By Brenna R. Kelly
The Cincinnati Enquirer
COVINGTON - Instead of making calls on a free cell phone, 13 people may be making a call from jail.
Lured by the promise of a new phone, they showed up Saturday at the Northern Kentucky Convention Center, where they were greeted by the Kenton County Sheriff's Office.
The sting, dubbed Operation Nabbed, was designed to catch people with outstanding warrants whom the sheriff's office had been unable to find.
Sixteen people made appointments to check out the cell phone deal offered to them by mail from Debban ("nabbed" backwards) Communications. The 13 who showed up were taken to jail on charges from unpaid fines to drug trafficking, said Chief Deputy Ron Washington.
"They were surprised," Washington said. "One guy looked up at us and said: 'This is a good scam, I can't complain.' "
The office mailed letters offering the phone to more than 600 wanted people, many of them hard to find because of multiple addresses, Washington said. More than 200 letters were returned by the post office because the person had moved.

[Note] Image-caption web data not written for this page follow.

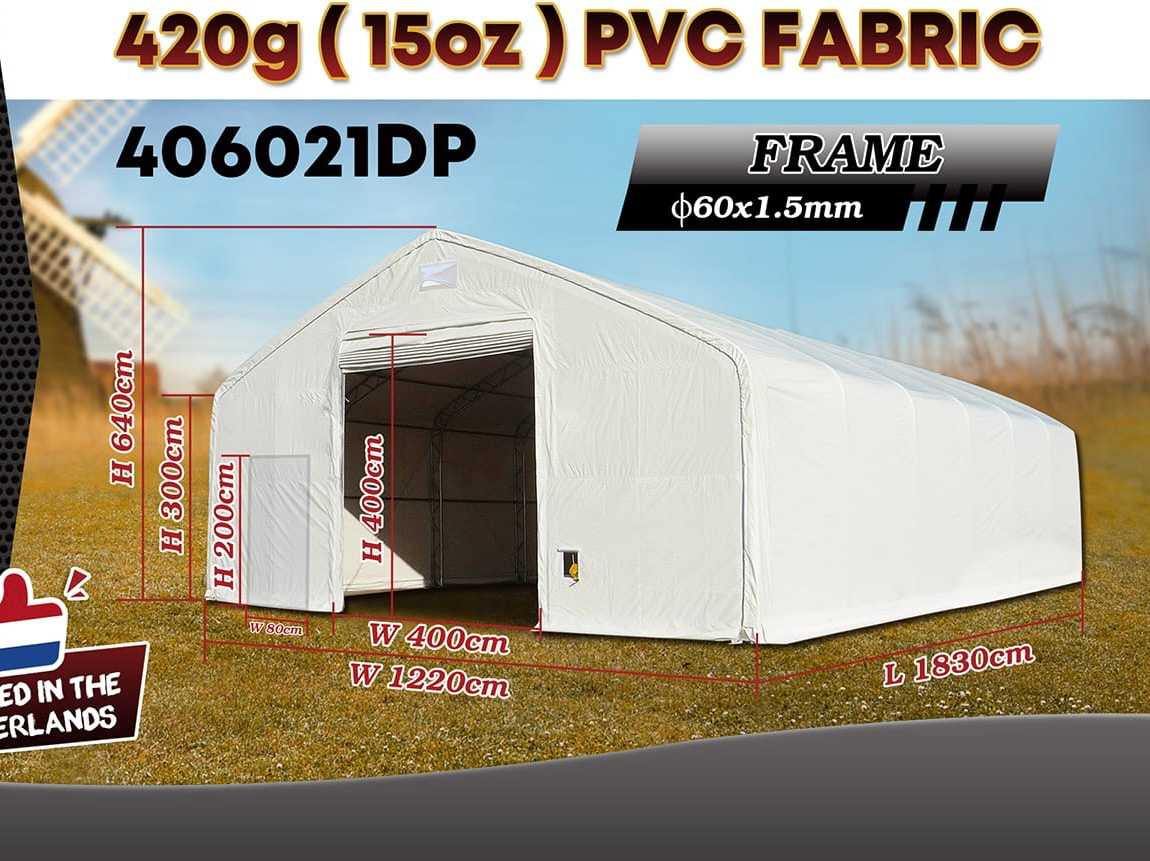 Rhino-Cross-Shelter 406021DP 18,3x12,2x6,4 m - Lagringstank: bild 2 Rhino-Cross-Shelter 406021DP 18,3x12,2x6,4 m - Lagringstank: bild 2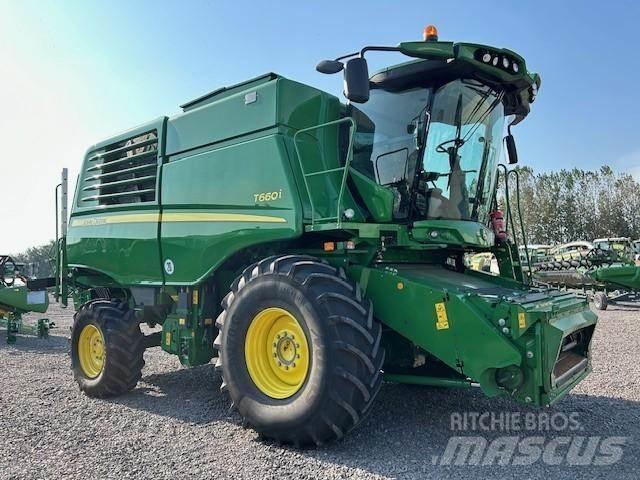 John Deere T660 i Mejetærskere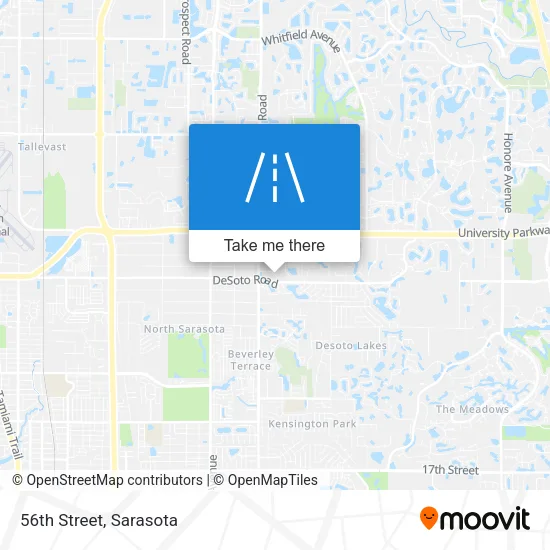 56th Street map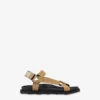 Sandalias deportivas de piel de becerro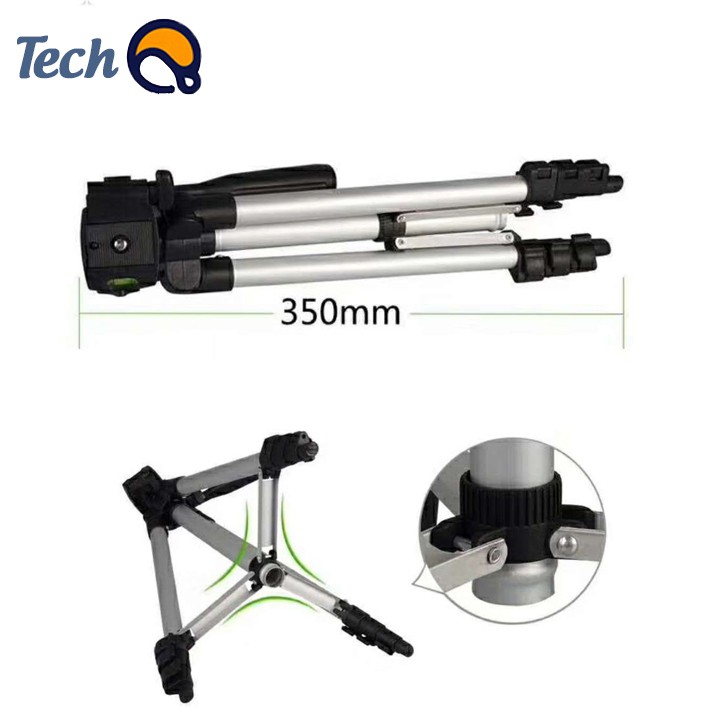 Chân máy ảnh cao cấp, tripod điện thoại tặng kèm đầy đủ phụ kiện, chiều cao tối đa 1 mét 1 - BH 12 tháng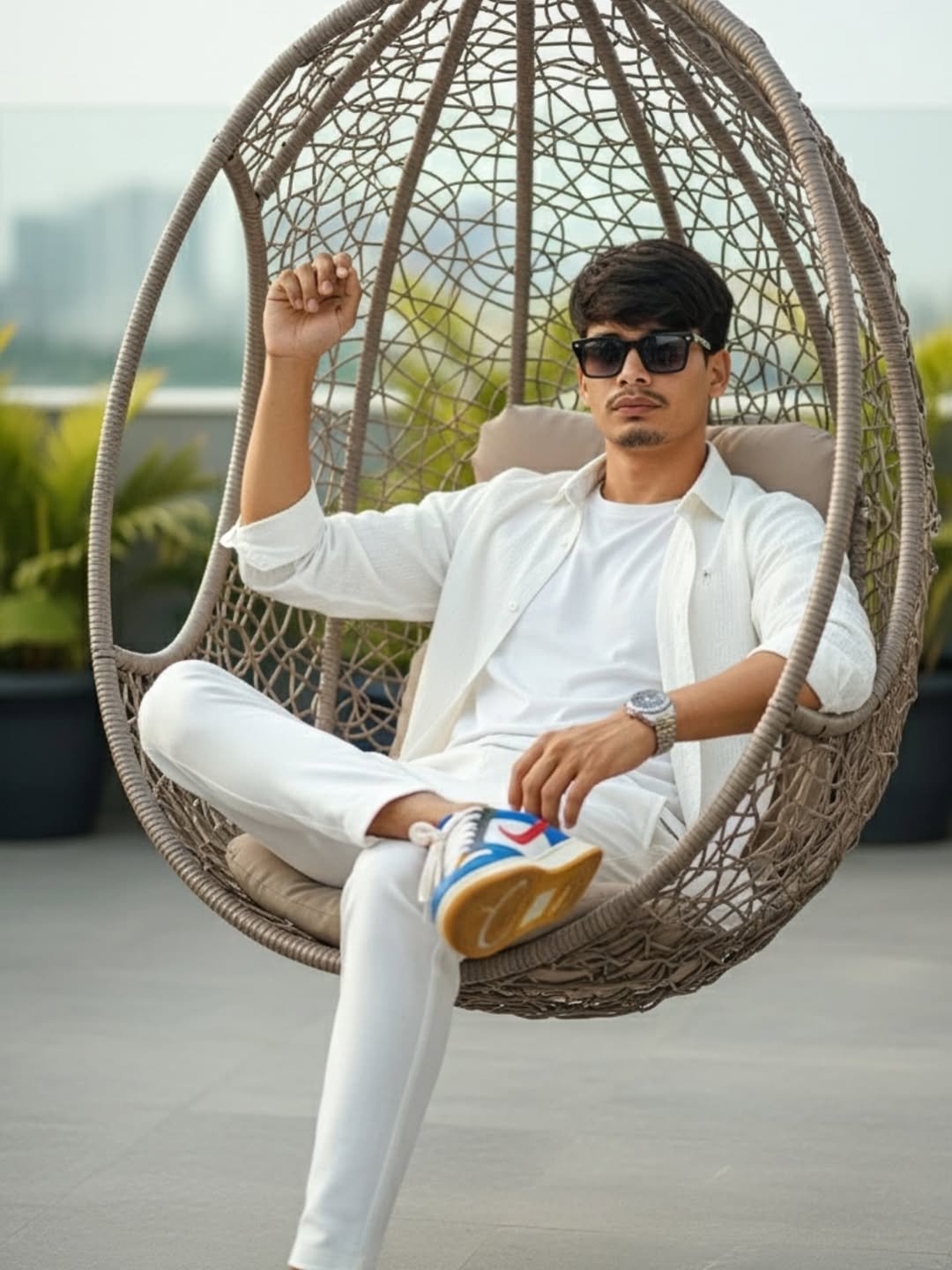 cinematic lifestyle portrait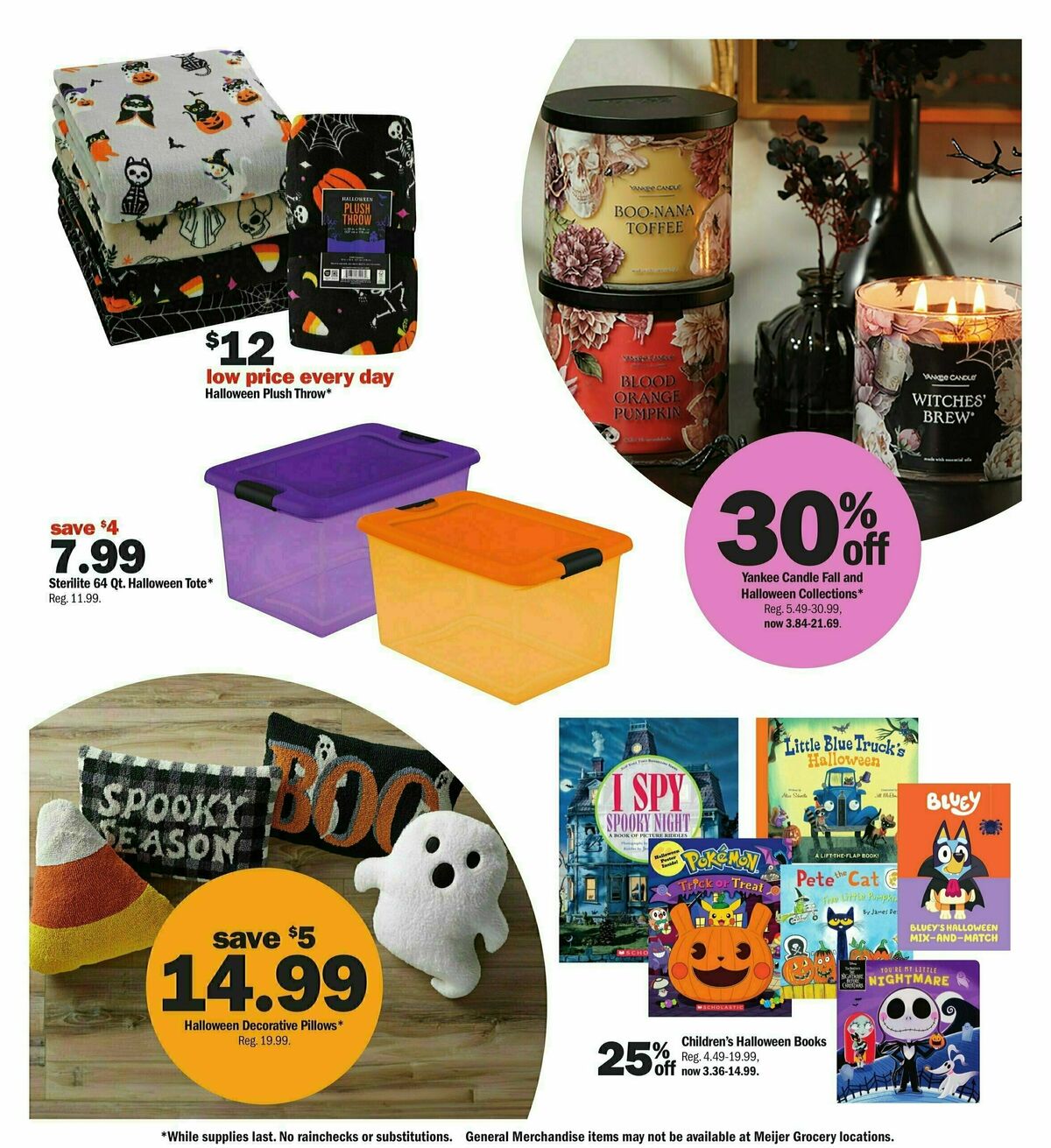 Meijer Share the scare this Halloween season Weekly Ad from October 13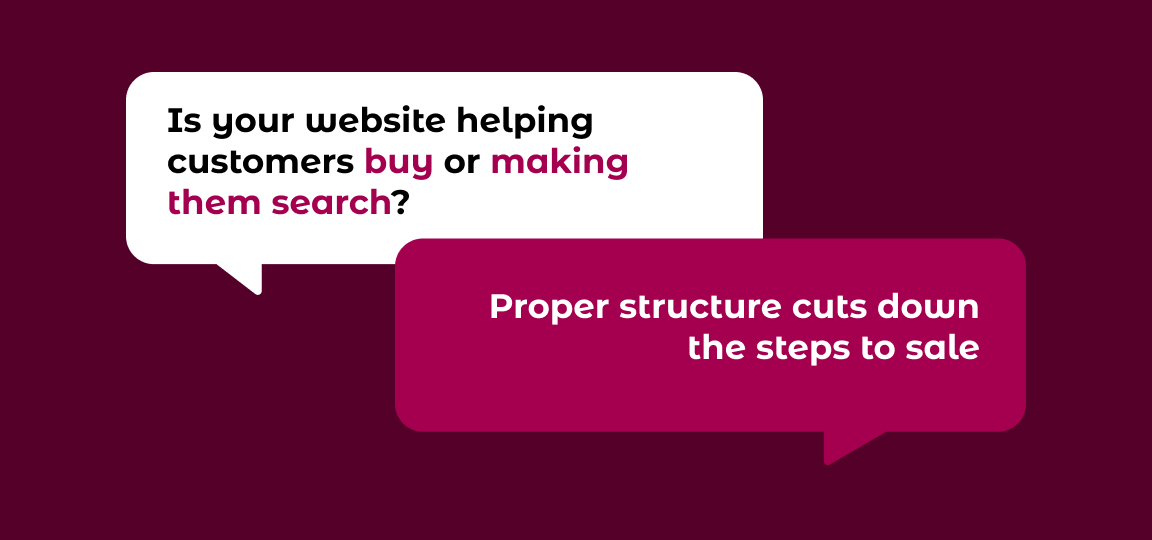 online store website navigation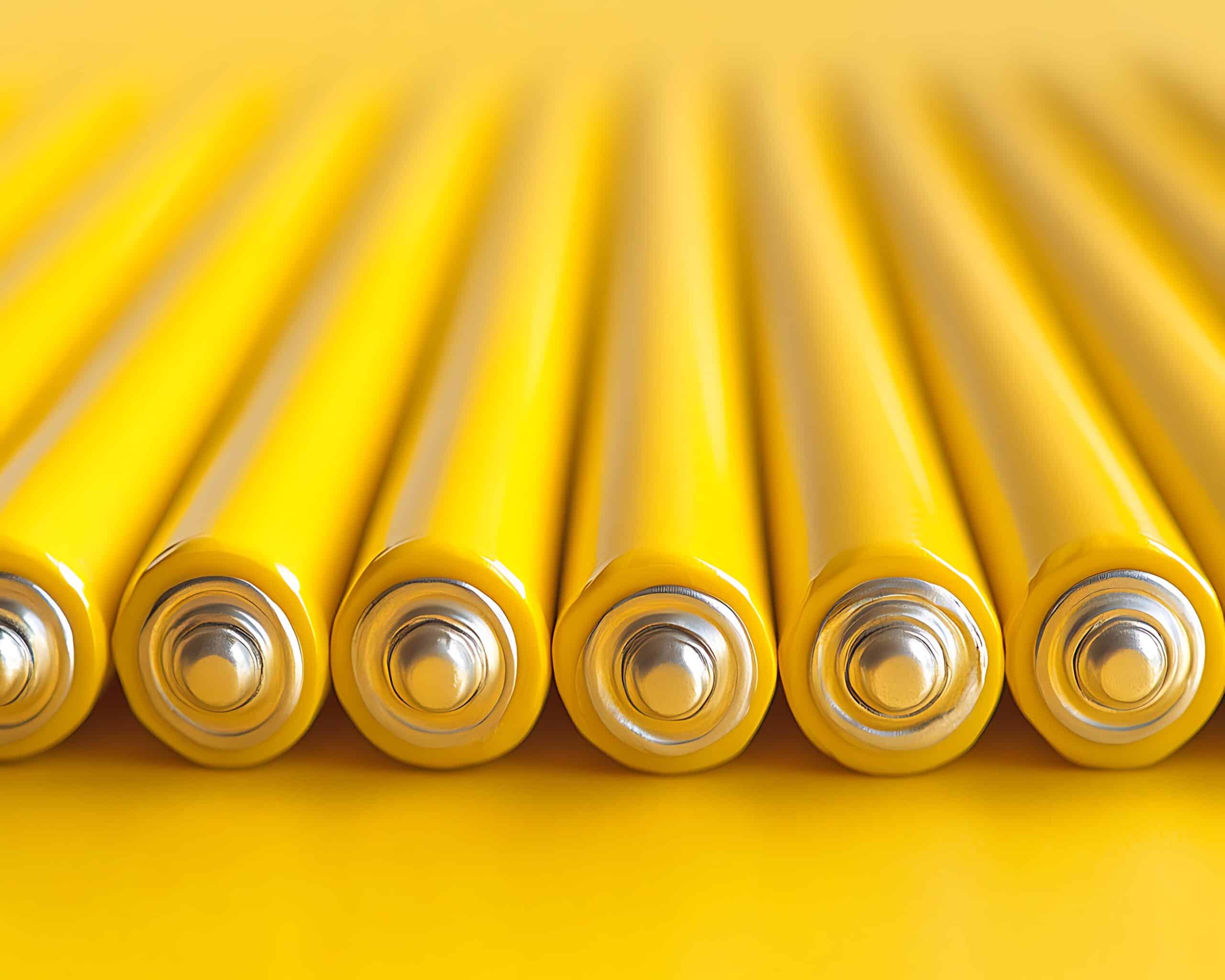 A brand yellow photo of yellow batteries - a business analogy for recharging and re-energizing operations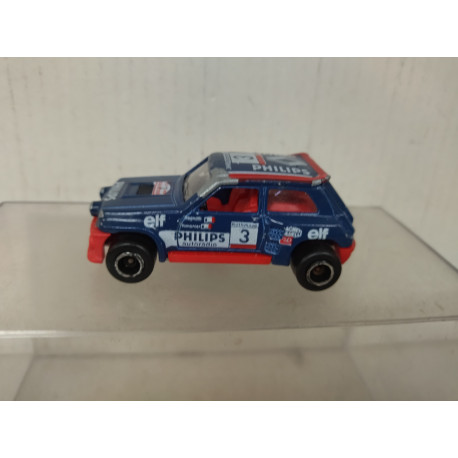 RENAULT 5 MAXI TURBO 1985 BLUE (2) 1:53/apx 1:64 MAJORETTE 255 NO BOX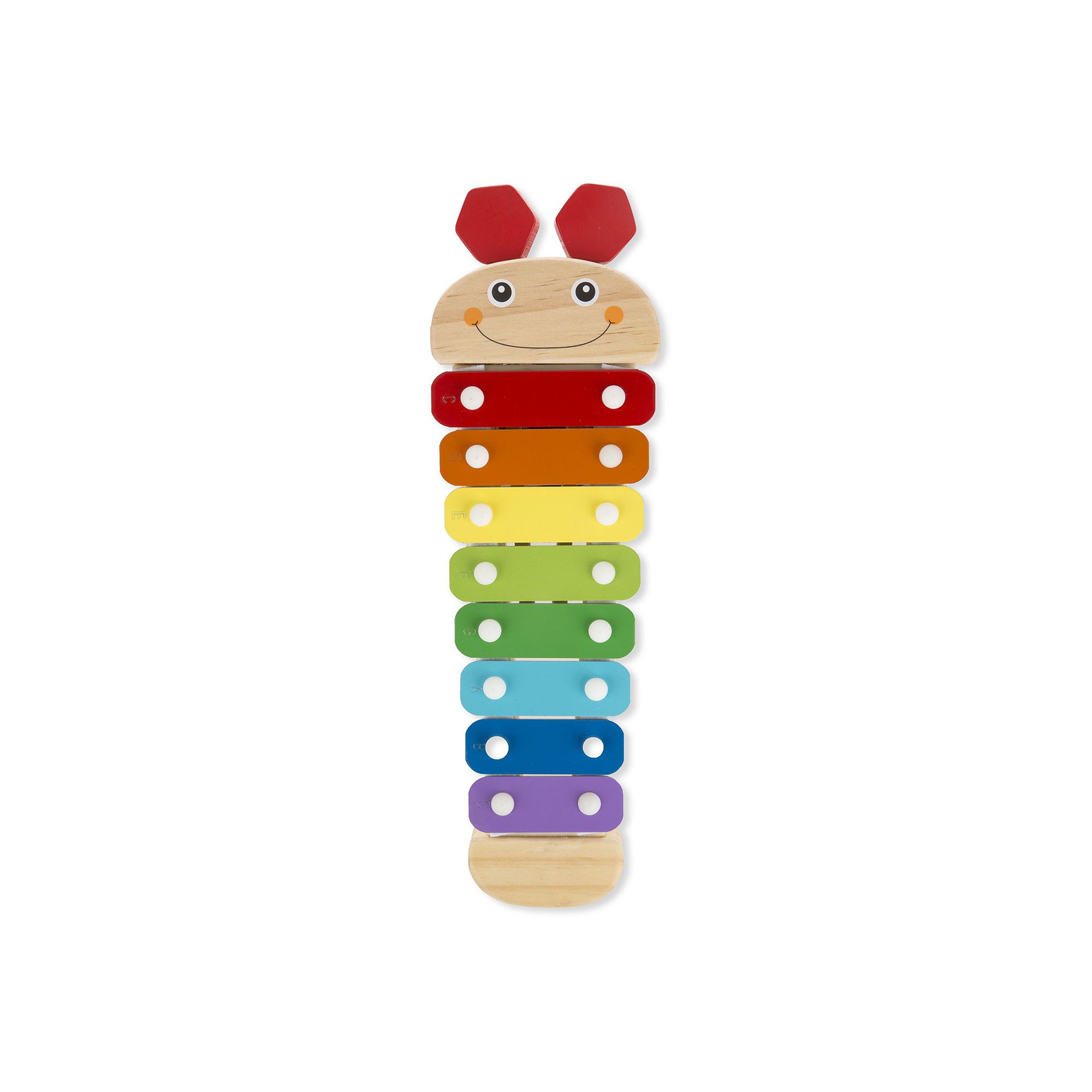 Melissa & Doug Wooden Caterpillar Xylophone, Multicolor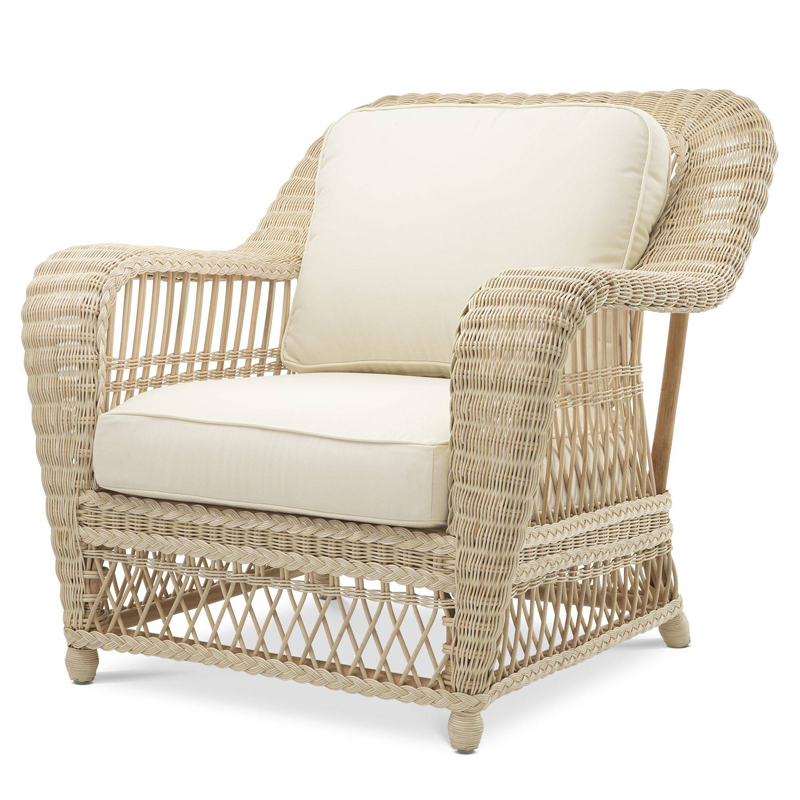 Кресло Eichholtz Chair Barbados Бежевый Кремовый Кресло Eichholtz Chair Barbados Бежевый Кремовый в Барнауле | Loft Concept
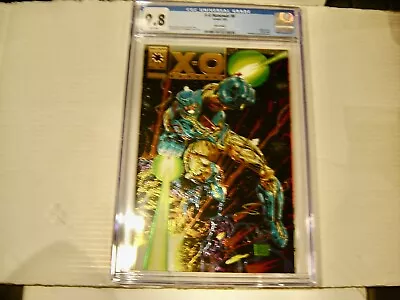 Valiant  Comic X-O Manowar  #0 CGC 9.8- Gold Edition Wraparound Cover 1993 • $192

"These people are people who move around a lot," Washington said. "That makes it difficult, because by the time we're knocking on their doors, they've moved."
Typically three hours of work may net just one arrest, he said. The 13 arrests Saturday came in just four hours.
"This is one way to get the criminal to come to you," Washington said.
Saturday's roundup was the second phase of "Operation Nabbed." The first began six weeks ago when the office added two officers to its Fugitive Apprehension Team, doubling it. The additional deputies had made 61 arrests before Saturday on people they could find quickly.
The Kentucky Division of Probation and Parole and the Kenton County Jail also assisted in the operation.
Jane Prendergast contributed to this report.